A last understood tradeoff is nottinygc is new and currently only one contributor. That said, the lead maintainer is very responsive and the scheduler plugin itself is early.

Considering the above, we recommend nottinygc, but as an opt-in process. Our examples default to configure it, and all our integration tests use it. However, we can't make this default until it no longer crashes our unit tests.

Why don't we use the normal k8s.io/klog/v2 package for logging?

The scheduler framework uses the k8s.io/klog/v2 package for logging, like:

klog.InfoS("execute Score on NodeNumber plugin", "pod", klog.KObj(pod))

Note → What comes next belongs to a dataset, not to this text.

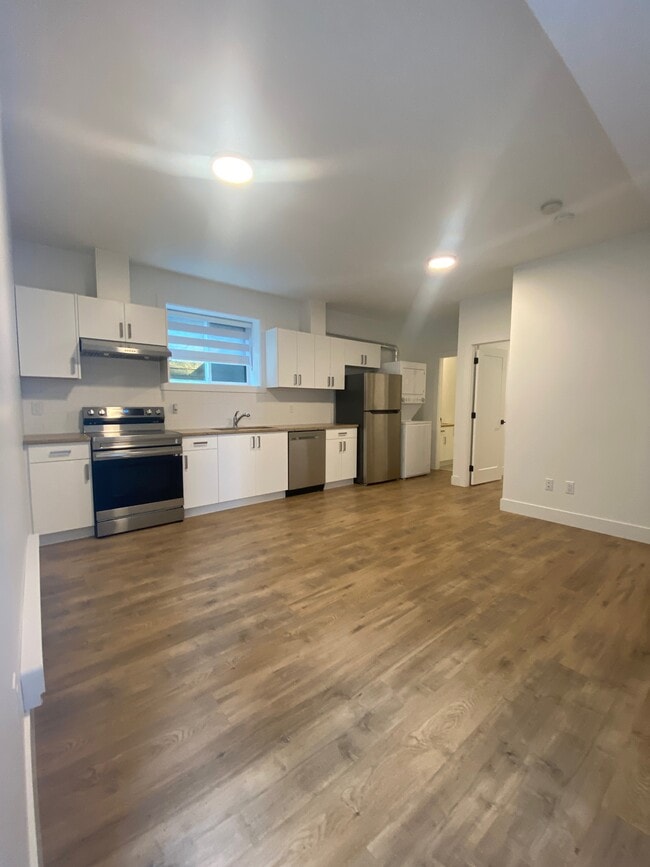 5248 Goldspring Pl in Chilliwack, BC - Building Photo - Building Photo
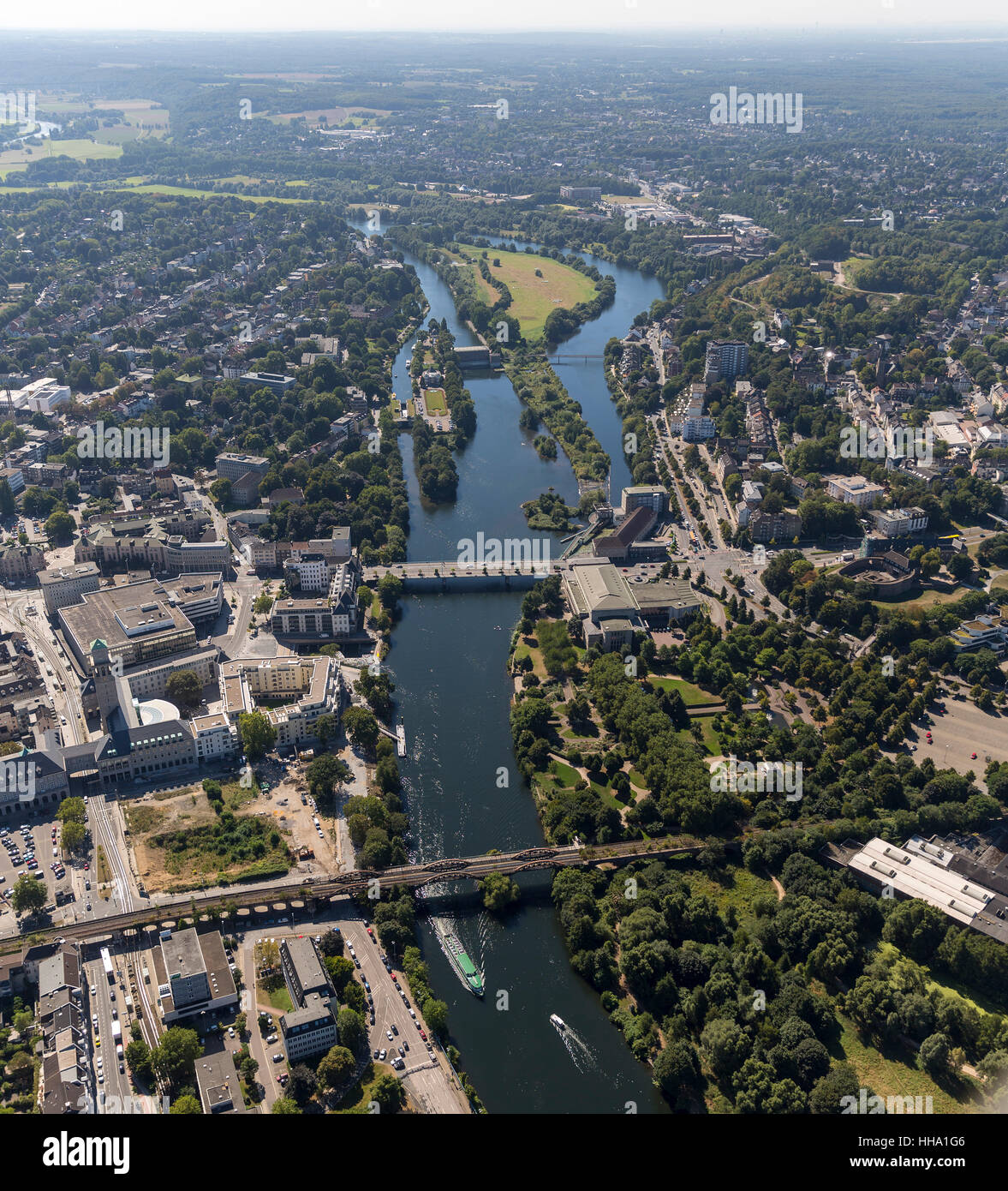 Ruhrbania e viste della Ruhr, Mülheim an der Ruhr, la zona della Ruhr, Renania settentrionale-Vestfalia, Germania, Europa, vista aerea, uccelli-eye Foto Stock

The guest SDK cannot use this because some parts of the klog package do not compile with TinyGo, due to heavy use of reflection. Also, the initialization of the wasm guest is separate from the scheduler process, and it wouldn't be able to read the same configuration including filters that need to be applied.

Instead, this adds a minimal working abstraction of klog functions which pass strings to the host to log using a real klog function.

As discussed in other sections, you cannot pass an object between the guest and the host by reference, rather only by value. For this reason, the guest klog package stringifies args including key/values and sends them to the host for processing via functions like klog.Info or klog.ErrorS.

Stringification is expensive in Wasm due to factors including inlined garbage collection. To avoid performance problems when not logging, the host includes a function not in the normal klog package, which exposes the current severity level. Anything outside that level won't be logged, and that's how excess overhead is avoided.

Why does klog.KObj return a fmt.Stringer instead of ObjectRef

klog.KObj works differently in wasm because unlike the normal scheduler framework, objects such as proto.Node are lazy unmarshalled. To avoid triggering this when logging is disabled, klog.KObj returns a fmt.Stringer which lazy accessed fields needed.

Why is there an api package in klog?

The klog package imports functions from the host, via //go:wasmimport. This makes code in that package untestable via tinygo test -target=wasi, as the implicit Wasm runtime launched does not export these (they are custom to this codebase). To allow unit testing of the core logic with both Go and TinyGo, we have an api package which includes an interface representing the logging functions in the klog package. Advanced users can also use these interfaces for the same reason: to keep their core logic testable in TinyGo.